Loktak Lake a biodiversity rich common
About 45 kilometres from Imphal, the capital of the far north eastern Indian state of Manipur, lies this ecological marvel. It is one of the most productive ecosystems that support the livelihood of locals as well as diverse and unique habitats. The critically endangered brow-antlered deer (Sangai) is endemic to this region. Besides, the massive wetland is a critical habitat to migratory waterfowl from Europe and Central Asia who come here via the Central Asian Flyway and the Eurasian-Australian Flyway during mid-winter.

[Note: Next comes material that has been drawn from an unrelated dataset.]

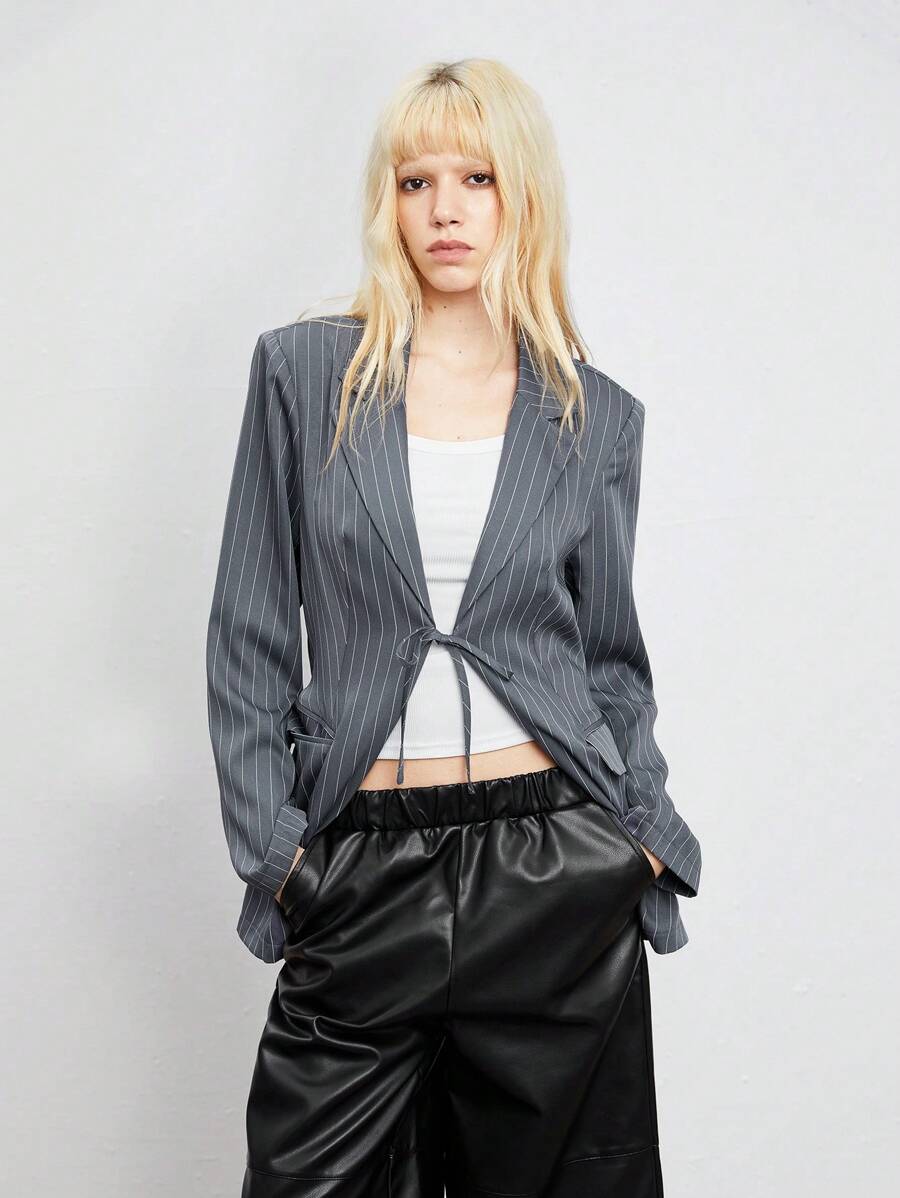 SHEIN Unity 1 buah Jaket Blazer Abu-abu Lengan Panjang Longgar Bergaris dengan Pita, Gaya Elegan untuk Perjalanan ke Kantor, Pakaian Musim Gugur/Dingin untuk Wanita - Grey - View 1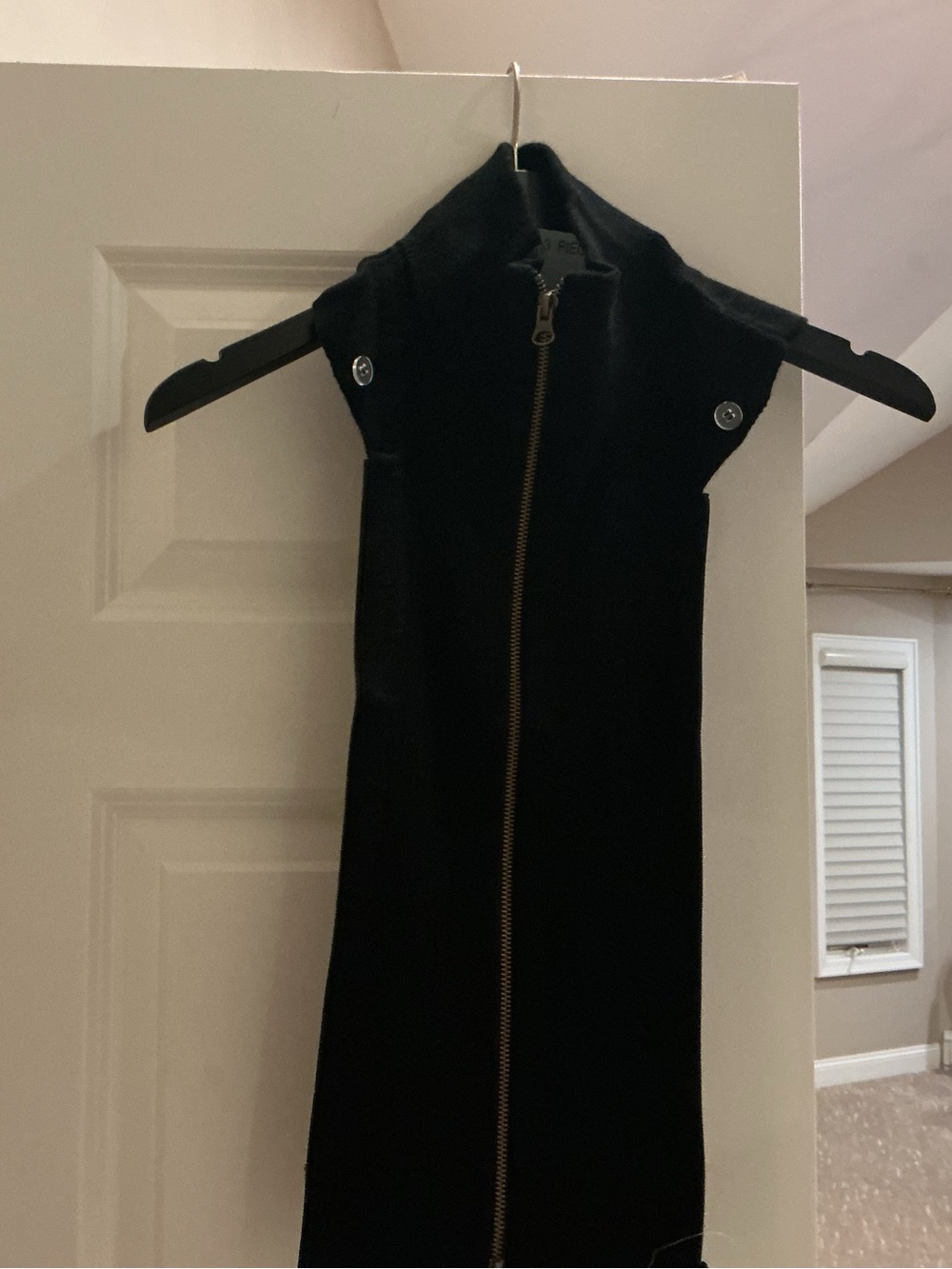 VERONICA BEARD Dickey with Cuffs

Loktak lives up to its name, which in Meitei translates to “where streams end” — close to 30 rivers and streams feed into the lake, creating a 287 square kilometre water body, which is roughly the size of 53,000 football fields. Besides being a sight to behold, the lake absorbs floodwater during the monsoon and supports the livelihoods of over three lakh people in Manipur throughout the year.
Loktak, Pumlen, Ikop, Kharung, Khoidum Lamjao, Waithou, Ngakrapat, Biraharipat, Ungamelpat are distinct yet interrelated wetlands formed by meandering flows of the Manipur river system and spread over 500 sq kms, a region popularly referred to as the Loktak Wetland Complex (LWC) south of Imphal. These wetlands are nourished by abundant water and nutrient flows captured by the surrounding blue mountains, thus creating this astonishing and awe-inspiring wetland complex.
Meitei fishing communities have worked here over centuries to evolve a lifestyle that helps harvest fish and wetland-based crops and vegetables, which forms the backbone of food security of the wider Manipur area. In addition, their carbon neutral living, involving dugout canoes and phumshangs – huts of bamboo and thatch built on floating biomass – phumdi, constitute a distinctive feature of Manipur’s living heritage, and of the world as well.
There is no other place in the world where fisherfolk live in floating villages as in the Loktak region. UN Habitat has recognised this way of living as a model of sustainability for the world and Loktak Lake is a Ramsar site. The Meitei communities have protected this wetland over centuries as a biodiversity rich area. Hundreds of thousands of families live in this highly productive wetland complex respectful of nature’s ways and the limits she imposes.